Smart Energy Technologies

Technical Symposium

Field Performance of Optimally Controlled Behind-the-Meter Solar + Storage Systems

Tuesday, September 25
12:15 PM - 12:30 PM
Location: 203AB

Abstract Content : Aim/Objective
In this report, we will present a strategy for economically optimal control of an energy storage system and show its performance for a complex site in New York City -  a microgrid with two other generation resources in addition to energy storage. At this site, economic value streams include monthly demand, energy arbitrage, and demand response, and backup power readiness. An optimal controller can take into consideration all of these value streams when deciding what operating plan will minimize total cost for the building owner including the cost of operating the battery.  In addition, the site is constrained by zero net export (i.e., no electricity can be exported to the grid). We will present how the optimal controller has performed in this complex application and also discuss the successes and shortcomings of the approach.

Method
The electrical system at a 625-unit apartment complex in Brooklyn, New York was re-developed in 2017 to include a 400kW solar photovoltaic system, a 400 kW fuel cell, and a 1.6 MWh battery system. The objective of the system was to provide load relief for ConEd by reducing building demand during key hours of the day, reduce energy and demand charge costs, and provide backup power for critical loads.

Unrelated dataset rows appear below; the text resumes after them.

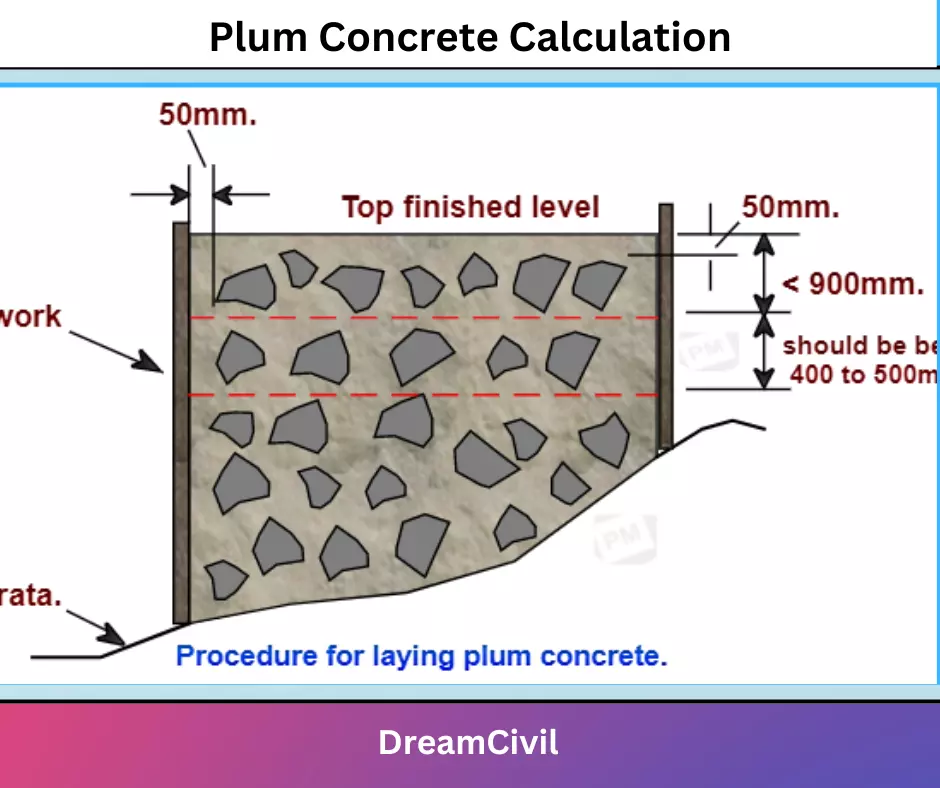 Plum Concrete Calculation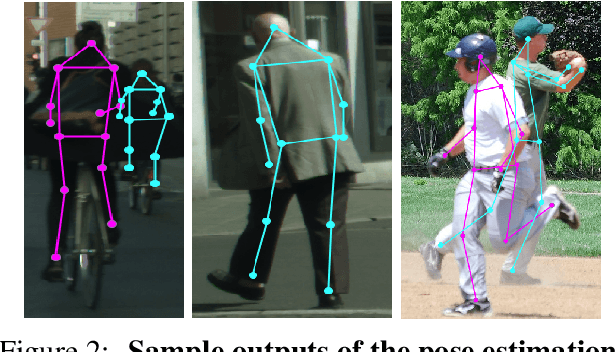 Figure 2 for Deep Multi-Task Networks For Occluded Pedestrian Pose Estimation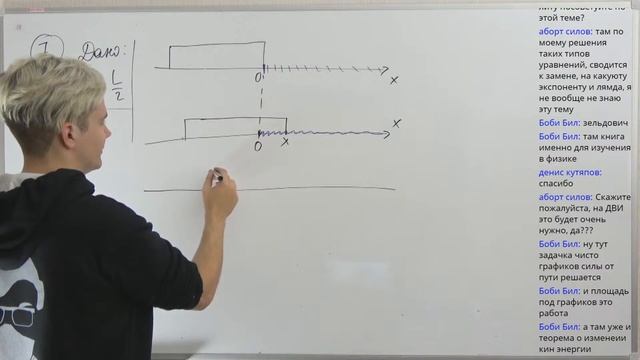 Физика. ЕГЭ2021. Применение интегралов в физике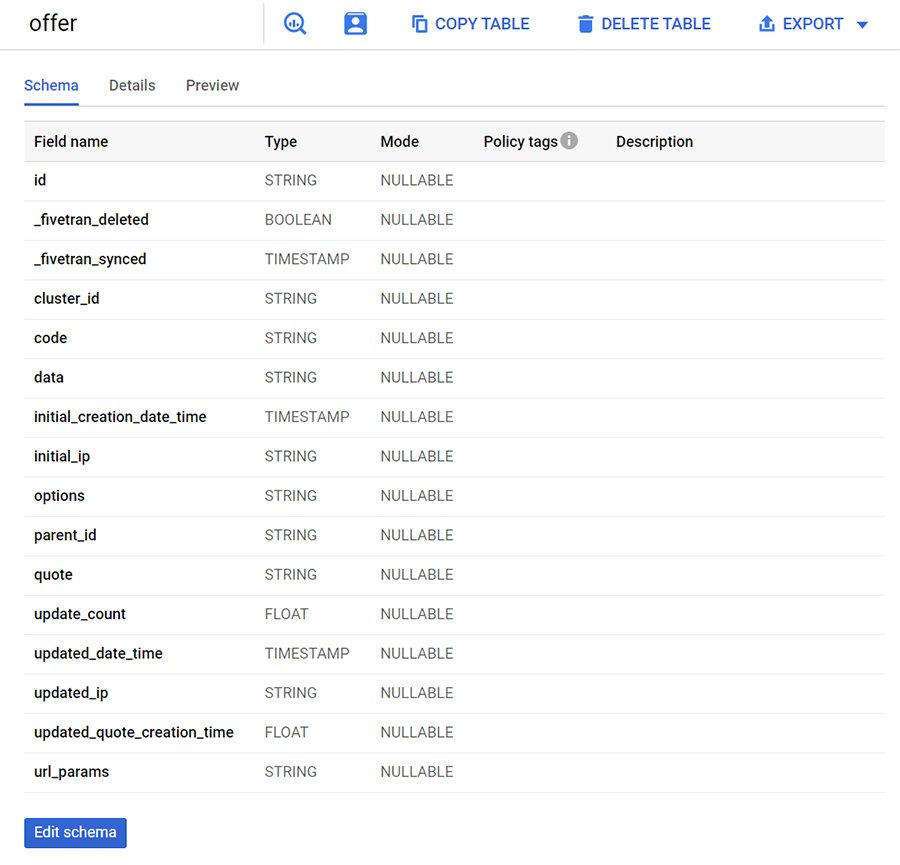 A Better Way To Query DynamoDB Data With SQL | TechTarget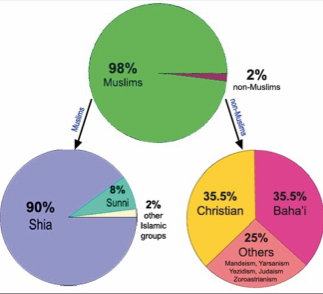 Kaynayan kazan: İran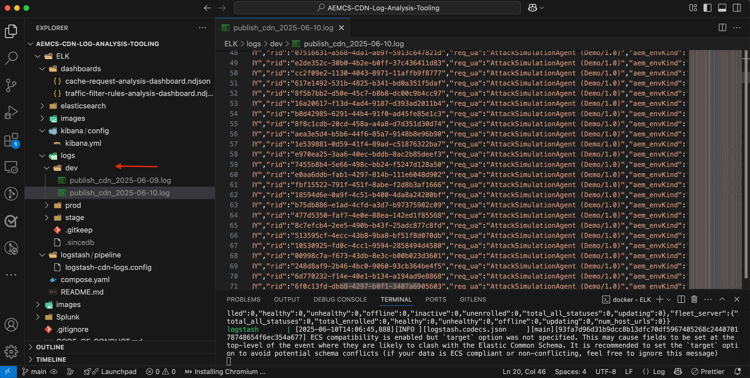 ELK de logs da CDN da WKND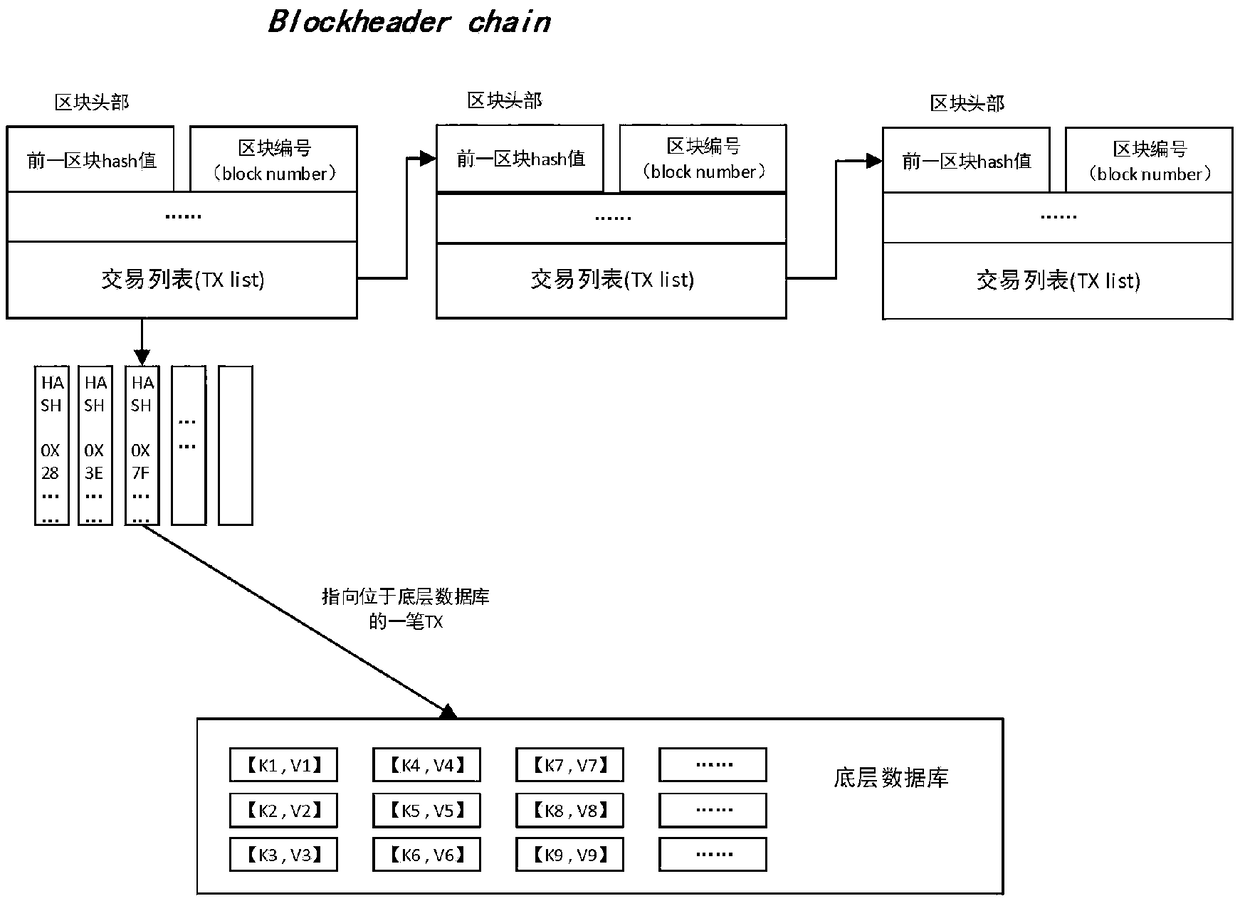 Block chain account book distributed storage technology based on erasure code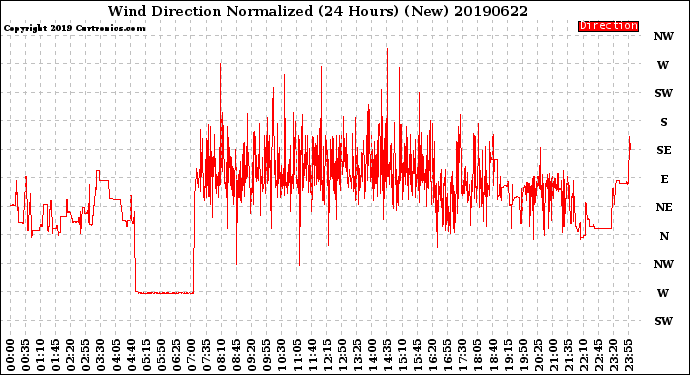 Milwaukee Weather Wind Direction<br>Normalized<br>(24 Hours) (New)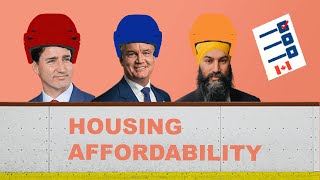 Housing Affordability in Canada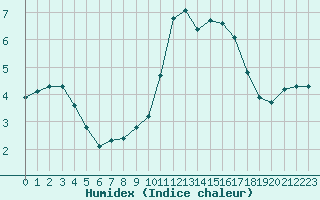 Courbe de l'humidex pour Agde (34)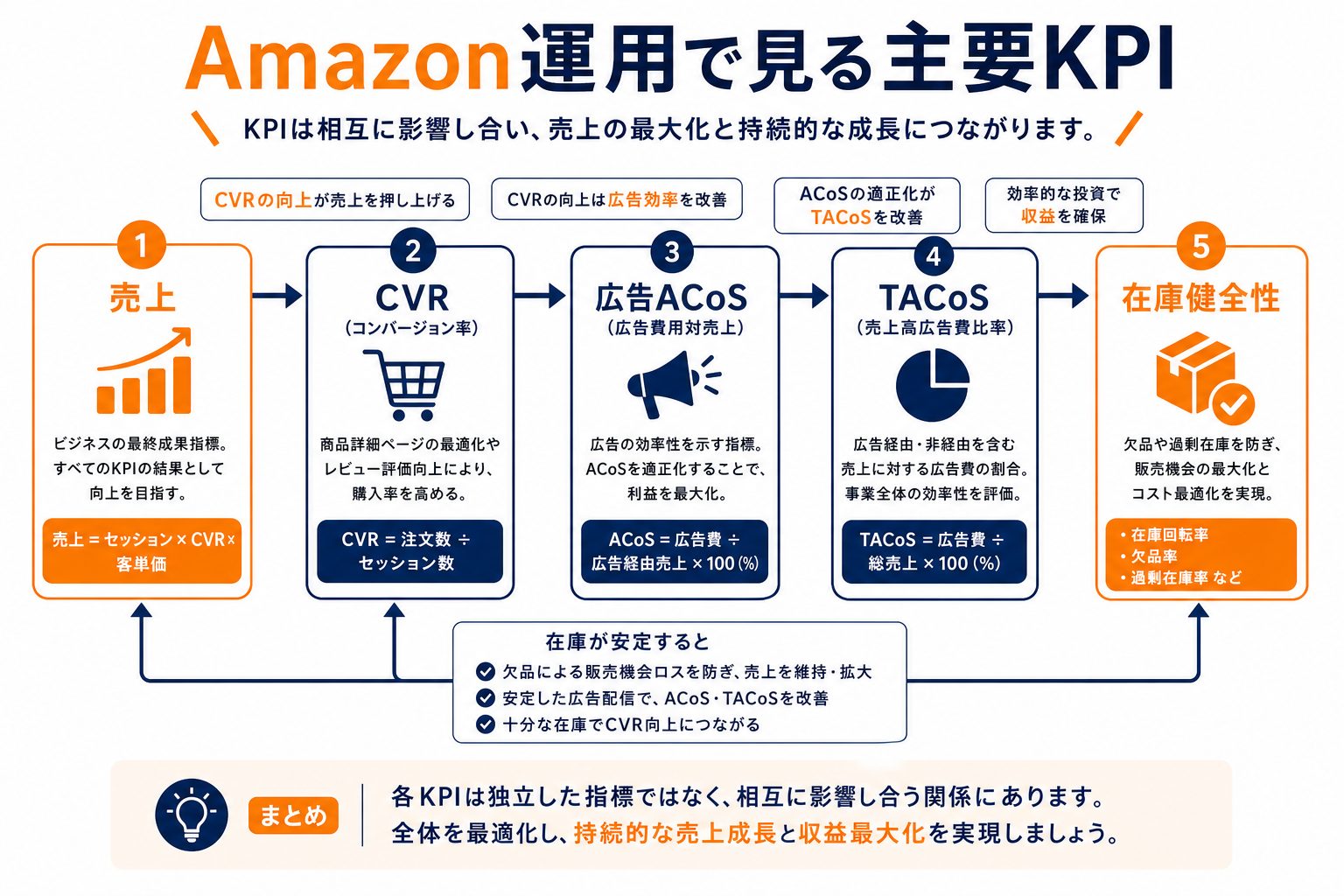 Amazon運用で見る主要KPI 図解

This site was used to thoroughly test the field deployment of an optimal controller that managed all of the aforementioned value streams, minimized battery degradation cost, and avoided net export.

Results
Results showed successful operation and achievement of system goals. However, many unexpected challenges surfaced during the initial months of operation of the site. For example, positive net building consumption became difficult to maintain due to the system sizing and due to fact that the fuel cell could not easily be curtailed, and because solar curtailment initially only partially available. Furthermore, on days where net export was a challenge, a very accurate prediction of solar generation and building load became very important, necessitating improvements and tuning of the prediction algorithms used at the site. Despite these challenges, these issues were solved and the system is beginning to perform well in a completely autonomous mode.

Conclusions
A considerable challenge for PV + ESS integrators is how to build a control system that can realize gains from multiple value streams simultaneously in real time while maintaining other constraints such as zero net export. This paper presented results from a deployment of an economically optimal controller such a complex site in New York. Results showed that the expected economic gains were achieved but significant challenges had to be overcome during the first months of operation.


 

Austin Nelson

Senior Engineer
Enel X

Austin Nelson leads the Modeling and Analysis Group for the Enel X Advanced Technology Development team. Austin's team performs modeling and analysis of battery storage systems for utility scale, microgrid, and off-grid applications. He provides key engineering expertise for systems including battery storage, solar PV, wind fuel cell, and backup generators for global commercial/industrial and utility customers. Formerly, as a distributed energy engineer at the National Renewable Energy Laboratory, Austin's research focused on increasing the amount of renewable energy resources in our national and global power portfolio. The results of his work have been used to advise utilities on advanced inverter capabilities, help solar integrators assess the impacts of inverters facing abnormal grid conditions, and guide industry on the effect of deploying advanced inverter functions in the field. Austin received an M.S.E.E. from the University of Wisconsin-Madison and a B.S.E.E. and B.A. in Physics from the University of St. Thomas; he is a registered Professional Engineer in Colorado.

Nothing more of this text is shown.